At Home Group will report earnings on March 23
Home decor retailer At Home Group Inc. (NYSE:HOME) has experienced incredible growth over the past year. At Home Group stock hit a three-year high of $31.60 earlier today, and is up a jaw-dropping 2400% from its March 18 bottom of $1.20. Along the channel of higher highs carved out by HOME, the shares' 40-day moving average has contained pullbacks in 2021.
The company steps into the earnings confessional after the market closes on Tuesday, March 23. It will be hoping to reverse its recent ugly history of post-earnings drops. The stock averages a negative post-earnings move of 22.3% in the last eight quarters, including a 26% plummet back in September. In fact, December's post-earnings gain of 1% was its only positive move in the last eight quarters.

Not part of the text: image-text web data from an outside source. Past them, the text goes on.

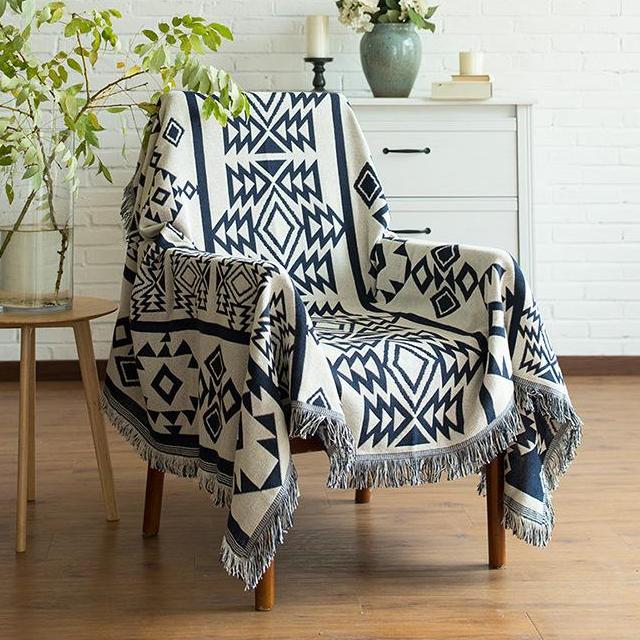 Geometric Knitted Aztec / Native Tapestry Sofa Throw Cover
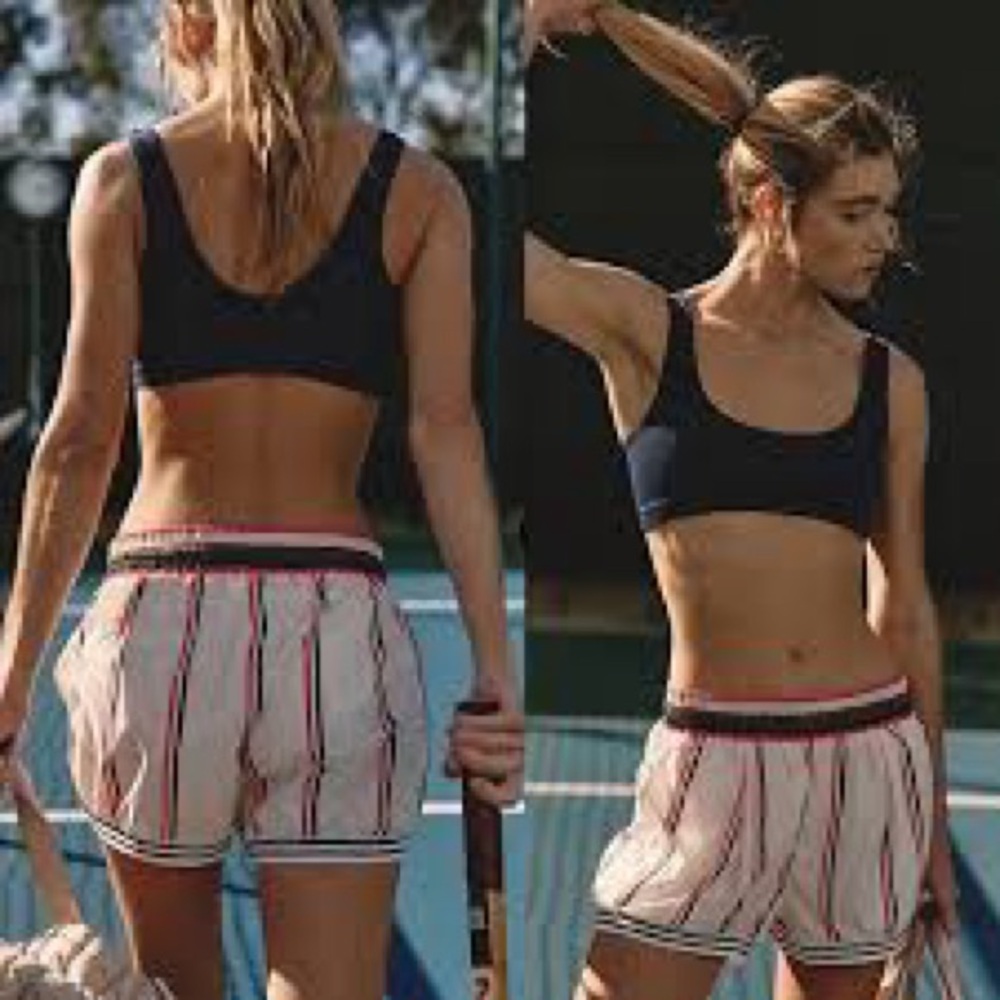 Free People Curve Ball Crop Striped Athletic Shorts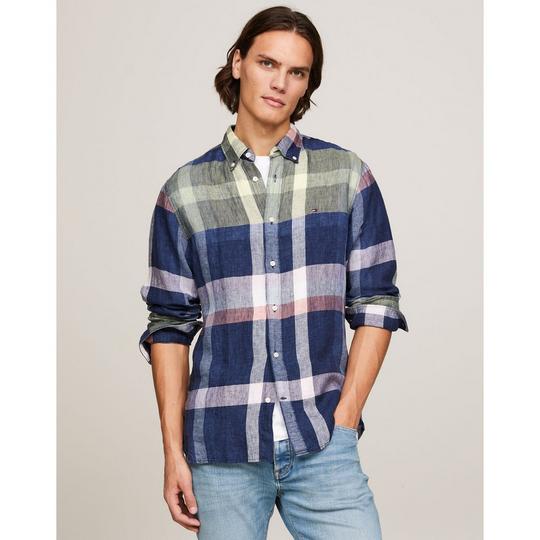 Tommy Hilfiger Chemise   carreaux en lin   coupe standard pour hommes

From a fundamental perspective, At Home Group stock doesn’t offer much security but it does have key factors that make it an interesting speculative play. Aside from the company claiming that it has potential to expand to 600 stores over time, At Home Group also had an impressive growth rate prior to the pandemic. In the span of two years, the retailer grew revenues by more than $300 million. In the past 12 months alone HOME has seen its top line decrease by about $1 million, bringing its revenues total to $1.25 billion. However, that figure is expected to increase to $1.7 billion for fiscal 2021, which would be a massive 36% increase.
On the bottom-line, things aren’t looking quite as promising with net income decreasing by $636 million since fiscal 2019. At Home Group's net losses in the past 12 months total $587 million. The company also has a relatively unsightly balance sheet. At Home Group's total debt currently stands at $1.71 billion, which heavily outweighs its cash balance of $33.86 million, making HOME definitely one of the riskier growth investments at this time.